Another recent case in Phoenix involved the death of Arizona State University student John Jardine IV. Jardine's family sued various defendants, claiming that Jardine died because he was handcuffed and suffocated during an epileptic seizure. Newspapers had written extensively about the case and the ABC program "20/20" taped a segment discussing the incident. The defendants sought a gag order to prevent the Jardine family from speaking to the media, but Judge Barry Schneider denied the request.

The family's attorney claimed in motion papers that the defendants were seeking a gag order as an excuse to not talk to the media about the case. "Defendants can either respond to (media) inquiries or not as they see fit. They cannot, however, ask the court to take over their public relations work by entering a prior restraint order gagging all parties and their counsel," he wrote.

In 1993, Maricopa County Judge John Sticht twice denied a gag order in a lawsuit between two state employees. Donna Beletz alleged that she was fired from her job with the Department of Education because she would not do campaign work on state time for Superintendent of Public Instruction C. Diane Bishop. Bishop's lawyers contended that Beletz gave discovery information to the media and requested a gag order. Sticht refused to issue an order and also refused to seal the depositions.

Gag orders were denied in other high-profile cases in other states:

In California, the Cannabis Buyer's Club case, which was argued before the U.S. Supreme Court this term, was initially filed in Alameda County Superior Court in Oakland. The attorney general sought a gag order claiming that pretrial publicity could prejudice potential jurors. However, Judge Larry Goodman denied the gag order because there was no evidence of any prejudice to the jury pool. The judge also noted that the attorney general had publicized the case, which perhaps weakened the attorney general's plea.

A Bentonville, Arkansas, judge denied a gag order in the case against Davis Carpenter for murder and rape. Carpenter and his lover, Joshua Brown, were arrested for raping and killing a 13-year-old boy. Brown admitted to the crimes, but claimed Carpenter forced him to do it. Circuit Judge David Clinger denied a gag order that would have prevented all parties from speaking to the media about the case.

Similarly, a West Virginia judge in Fairmont denied a gag order in the August 2000 murder trial of two 17-year-olds charged with killing a gay black man. Circuit Judge Rodney Merrifield said, "I have not and will not issue a gag order." Merrifield also met with reporters to explain trial procedure and rules for attending the trial.

In Atlanta, Georgia, last October, the murder trial of Wesley Harris was kept open. Superior Court Judge Melodie Snell Conner allowed the media to attend the trial and refused to enter a gag order, despite requests from defense counsel.

In Beaumont, Texas, a lawsuit was filed in federal court against Compaq Computer that alleged the company knowingly made computers with a flaw that might corrupt data stored on disks. Compaq sought a gag order restricting all public statements about the case, but U.S. District Judge Thad Heartfield denied the request.

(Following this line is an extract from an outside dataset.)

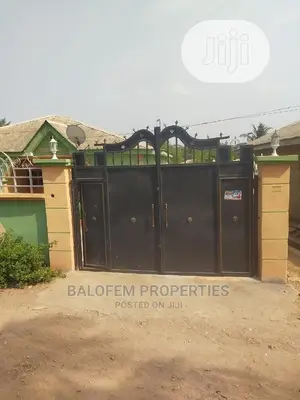 10bdrm Bungalow in Balofem Properties $, Abeokuta North for sale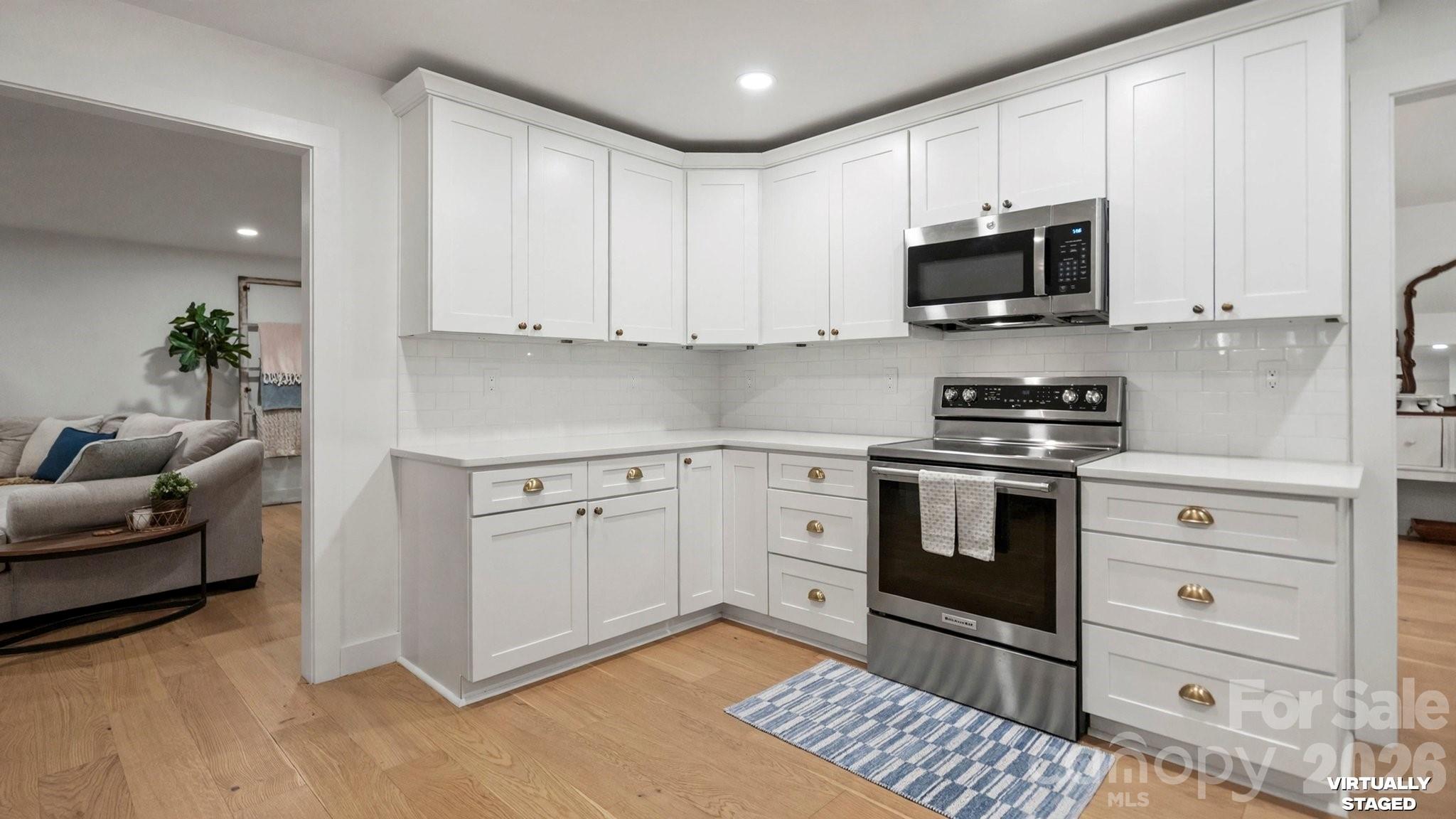 215 Ridgewood Drive — Monroe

Finally, in 1997, a judge in New York denied a gag order sought by defense counsel in a burglary case. The defense lawyer argued that the prosecutor was speaking to the media to drum up public support for a severe sentence. The lawyer asked the judge to impose a gag order on the prosecutor. Nassau County Judge Paul Kowtna reasoned that a judge may not issue a prior restraint unless there is a "showing of necessity for such restraint." The judge found that there was no reason for a gag order because there had been no "public clamor" against the defendant. Furthermore, the judge correctly noted that the sentencing would be determined by a judge, and the Rules of Judicial Conduct require a judge to make decisions without regard to partisan interest, public clamor, or fear of criticism. The judge therefore believed that the prosecutor's efforts would not make a difference. The case, People v. Hepworth, was reported in the New York Law Journal.